In March, a team of physicists announced it had found a signal from the very first moments after the Big Bang. But in a paper published Thursday, the researchers expressed considerably more caution and conceded that they could have actually been detecting little more than interstellar dust.
If dust is the culprit, then what had been billed as a "grand slam" for physics could soon dissolve.
The detection was made by BICEP2, a telescope at the South Pole that looks for tiny variations in the afterglow of the Big Bang (more properly known as the Cosmic Microwave Background). At a news conference on March 17, researchers announced that they had seen a signal in the background that had previously been predicted only by theory.
"We are convinced, on the basis of all of the studies we've done, that the signal is real," said Clem Pryke, a researcher at the University of Minnesota.

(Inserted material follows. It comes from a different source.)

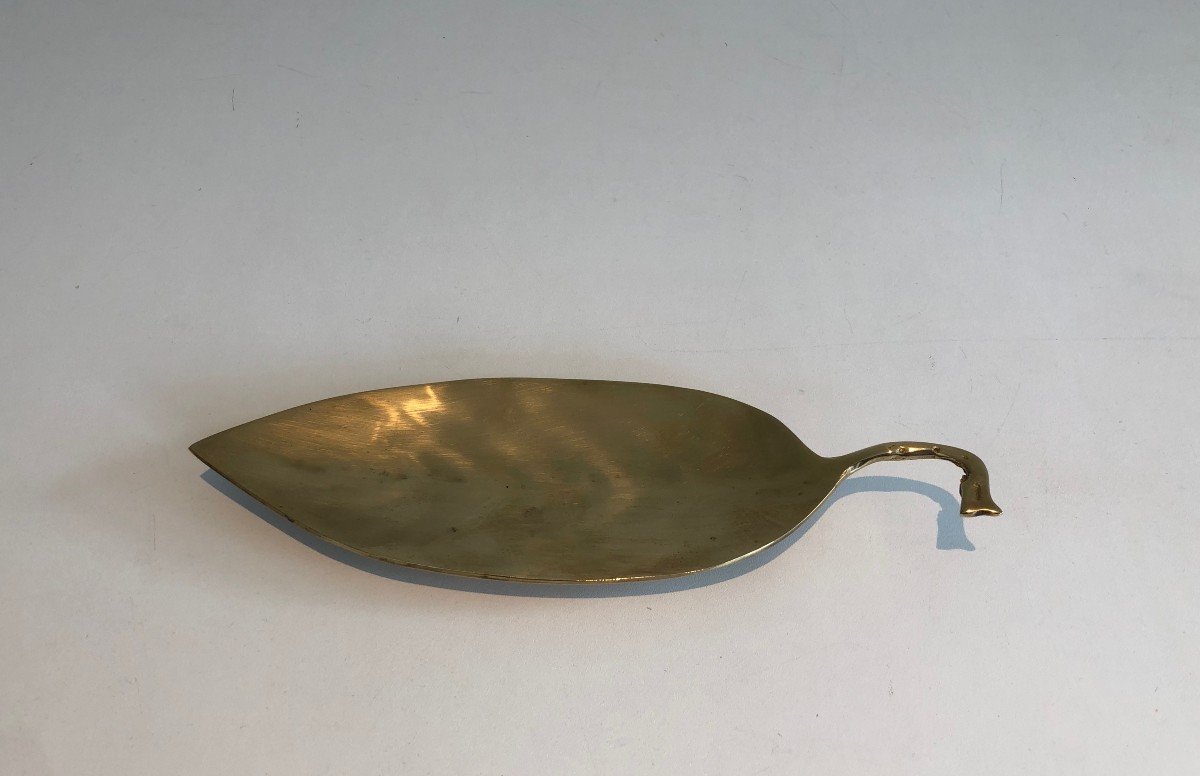 Brass Vide-poche Representing A Leaf. French Work. Circa 1970-photo-1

The signal was evidence for a period of extremely rapid expansion, just after the Big Bang. Known as "Inflation Theory," it was predicted decades ago by theorists. In a video, Stanford researcher Andre Linde, one of those who predicted Inflation, is seen popping champagne upon learning of the find. The video, by Stanford's public affairs office, has received nearly 3 million views.
But others had doubts and warned that dust from inside the Milky Way galaxy could have created the signal. In a new paper published in Physical Review Letters, the BICEP2 team acknowledges that dust could be behind the false detection.
The BBC reports that Pryke is personally feeling more conservative: "Has my confidence gone down? Yes," he reportedly said at a public lecture Thursday in London.